DIRECTIONS FOR THIS TASK |
Give the entries below again, word for word, and leave out the images.

WORKING DATA |
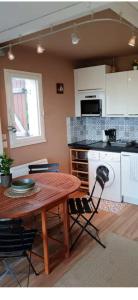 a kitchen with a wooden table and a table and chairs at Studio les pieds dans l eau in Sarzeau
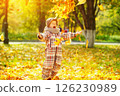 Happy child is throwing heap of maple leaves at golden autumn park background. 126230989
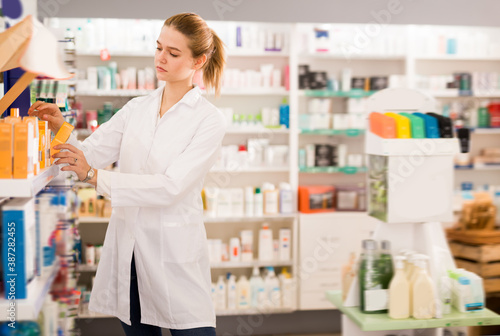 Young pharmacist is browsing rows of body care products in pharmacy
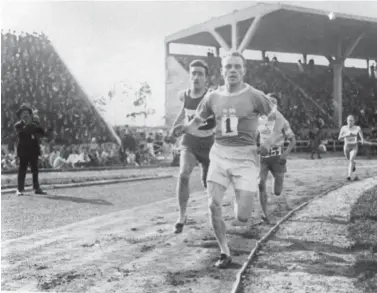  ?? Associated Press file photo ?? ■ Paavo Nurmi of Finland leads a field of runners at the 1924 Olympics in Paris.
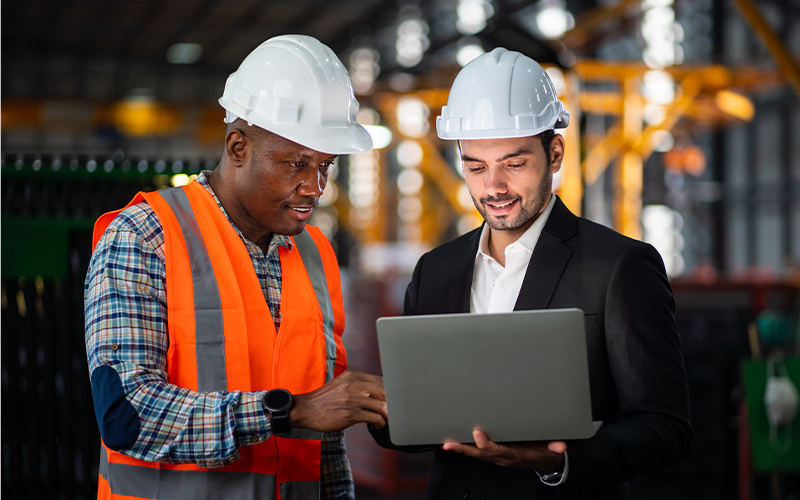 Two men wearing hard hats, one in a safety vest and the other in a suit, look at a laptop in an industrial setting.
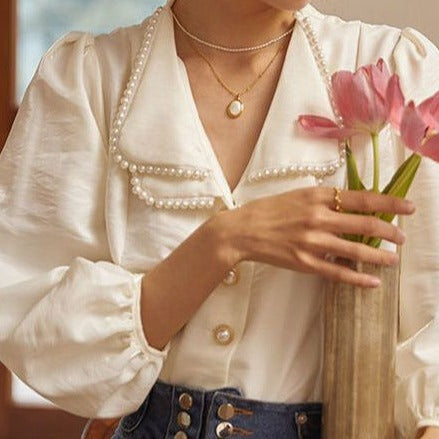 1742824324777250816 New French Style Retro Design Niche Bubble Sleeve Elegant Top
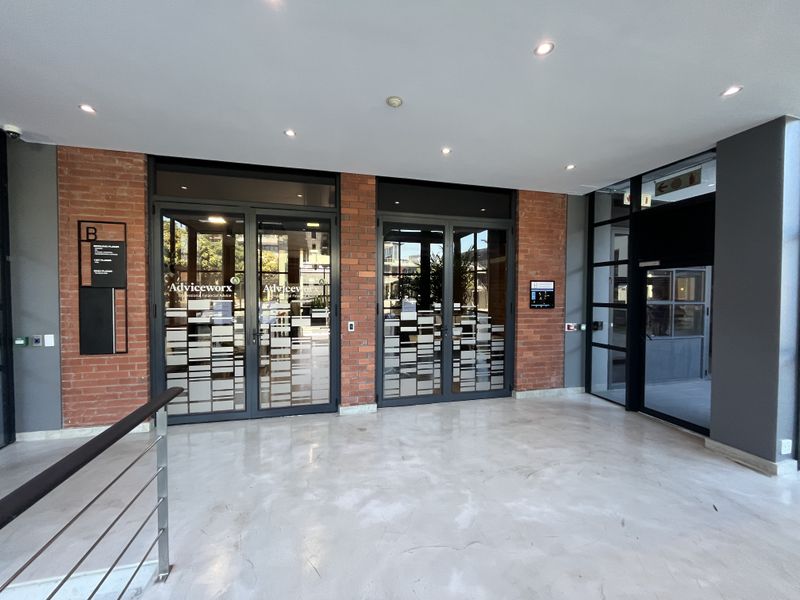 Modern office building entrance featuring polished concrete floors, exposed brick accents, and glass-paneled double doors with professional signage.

TASK RESULT |
 a kitchen with a wooden table and a table and chairs at Studio les pieds dans l eau in Sarzeau
 Happy child is throwing heap of maple leaves at golden autumn park background. 126230989
 Young pharmacist is browsing rows of body care products in pharmacy
  ?? Associated Press file photo ?? ■ Paavo Nurmi of Finland leads a field of runners at the 1924 Olympics in Paris.
 Two men wearing hard hats, one in a safety vest and the other in a suit, look at a laptop in an industrial setting.
 1742824324777250816 New French Style Retro Design Niche Bubble Sleeve Elegant Top
 Modern office building entrance featuring polished concrete floors, exposed brick accents, and glass-paneled double doors with professional signage.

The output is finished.